Scraped caption text data:
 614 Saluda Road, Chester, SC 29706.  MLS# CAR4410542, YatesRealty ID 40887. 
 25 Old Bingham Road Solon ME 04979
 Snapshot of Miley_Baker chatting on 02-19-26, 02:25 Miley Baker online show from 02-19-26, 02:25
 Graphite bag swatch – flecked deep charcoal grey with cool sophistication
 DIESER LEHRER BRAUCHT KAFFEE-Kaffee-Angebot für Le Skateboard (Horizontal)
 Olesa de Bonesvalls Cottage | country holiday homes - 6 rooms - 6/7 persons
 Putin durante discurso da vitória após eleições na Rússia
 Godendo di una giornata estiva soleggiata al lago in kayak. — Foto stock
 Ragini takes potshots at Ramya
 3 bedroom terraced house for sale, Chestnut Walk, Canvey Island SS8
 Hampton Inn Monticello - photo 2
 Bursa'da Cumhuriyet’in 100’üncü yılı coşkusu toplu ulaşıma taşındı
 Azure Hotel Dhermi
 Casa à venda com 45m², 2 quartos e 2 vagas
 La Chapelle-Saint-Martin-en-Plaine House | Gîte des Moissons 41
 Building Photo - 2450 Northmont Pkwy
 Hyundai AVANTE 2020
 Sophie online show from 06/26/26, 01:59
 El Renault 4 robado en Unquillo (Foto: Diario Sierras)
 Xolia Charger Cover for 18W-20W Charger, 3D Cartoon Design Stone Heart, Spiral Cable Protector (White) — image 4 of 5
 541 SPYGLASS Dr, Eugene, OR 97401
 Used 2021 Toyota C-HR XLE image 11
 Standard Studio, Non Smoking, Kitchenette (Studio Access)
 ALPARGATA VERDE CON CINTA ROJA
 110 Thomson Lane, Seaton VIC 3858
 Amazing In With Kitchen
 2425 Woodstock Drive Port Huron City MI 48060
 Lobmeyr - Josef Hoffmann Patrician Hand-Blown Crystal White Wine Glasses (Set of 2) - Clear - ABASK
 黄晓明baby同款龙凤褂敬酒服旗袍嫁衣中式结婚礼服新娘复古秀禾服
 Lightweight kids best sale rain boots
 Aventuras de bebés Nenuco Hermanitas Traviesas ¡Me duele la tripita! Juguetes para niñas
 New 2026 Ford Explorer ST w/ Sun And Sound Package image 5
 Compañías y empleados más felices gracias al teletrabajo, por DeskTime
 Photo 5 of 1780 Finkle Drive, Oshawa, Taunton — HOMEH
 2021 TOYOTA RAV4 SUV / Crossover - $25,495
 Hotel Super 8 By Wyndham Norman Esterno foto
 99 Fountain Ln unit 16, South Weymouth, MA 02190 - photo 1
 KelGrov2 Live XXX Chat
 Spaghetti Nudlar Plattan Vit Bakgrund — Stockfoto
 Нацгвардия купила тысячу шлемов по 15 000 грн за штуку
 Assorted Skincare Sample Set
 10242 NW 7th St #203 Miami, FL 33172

## Work instructions
Give all of the lines above again, exactly as they are.

## Solution to the problem
 614 Saluda Road, Chester, SC 29706.  MLS# CAR4410542, YatesRealty ID 40887. 
 25 Old Bingham Road Solon ME 04979
 Snapshot of Miley_Baker chatting on 02-19-26, 02:25 Miley Baker online show from 02-19-26, 02:25
 Graphite bag swatch – flecked deep charcoal grey with cool sophistication
 DIESER LEHRER BRAUCHT KAFFEE-Kaffee-Angebot für Le Skateboard (Horizontal)
 Olesa de Bonesvalls Cottage | country holiday homes - 6 rooms - 6/7 persons
 Putin durante discurso da vitória após eleições na Rússia
 Godendo di una giornata estiva soleggiata al lago in kayak. — Foto stock
 Ragini takes potshots at Ramya
 3 bedroom terraced house for sale, Chestnut Walk, Canvey Island SS8
 Hampton Inn Monticello - photo 2
 Bursa'da Cumhuriyet’in 100’üncü yılı coşkusu toplu ulaşıma taşındı
 Azure Hotel Dhermi
 Casa à venda com 45m², 2 quartos e 2 vagas
 La Chapelle-Saint-Martin-en-Plaine House | Gîte des Moissons 41
 Building Photo - 2450 Northmont Pkwy
 Hyundai AVANTE 2020
 Sophie online show from 06/26/26, 01:59
 El Renault 4 robado en Unquillo (Foto: Diario Sierras)
 Xolia Charger Cover for 18W-20W Charger, 3D Cartoon Design Stone Heart, Spiral Cable Protector (White) — image 4 of 5
 541 SPYGLASS Dr, Eugene, OR 97401
 Used 2021 Toyota C-HR XLE image 11
 Standard Studio, Non Smoking, Kitchenette (Studio Access)
 ALPARGATA VERDE CON CINTA ROJA
 110 Thomson Lane, Seaton VIC 3858
 Amazing In With Kitchen
 2425 Woodstock Drive Port Huron City MI 48060
 Lobmeyr - Josef Hoffmann Patrician Hand-Blown Crystal White Wine Glasses (Set of 2) - Clear - ABASK
 黄晓明baby同款龙凤褂敬酒服旗袍嫁衣中式结婚礼服新娘复古秀禾服
 Lightweight kids best sale rain boots
 Aventuras de bebés Nenuco Hermanitas Traviesas ¡Me duele la tripita! Juguetes para niñas
 New 2026 Ford Explorer ST w/ Sun And Sound Package image 5
 Compañías y empleados más felices gracias al teletrabajo, por DeskTime
 Photo 5 of 1780 Finkle Drive, Oshawa, Taunton — HOMEH
 2021 TOYOTA RAV4 SUV / Crossover - $25,495
 Hotel Super 8 By Wyndham Norman Esterno foto
 99 Fountain Ln unit 16, South Weymouth, MA 02190 - photo 1
 KelGrov2 Live XXX Chat
 Spaghetti Nudlar Plattan Vit Bakgrund — Stockfoto
 Нацгвардия купила тысячу шлемов по 15 000 грн за штуку
 Assorted Skincare Sample Set
 10242 NW 7th St #203 Miami, FL 33172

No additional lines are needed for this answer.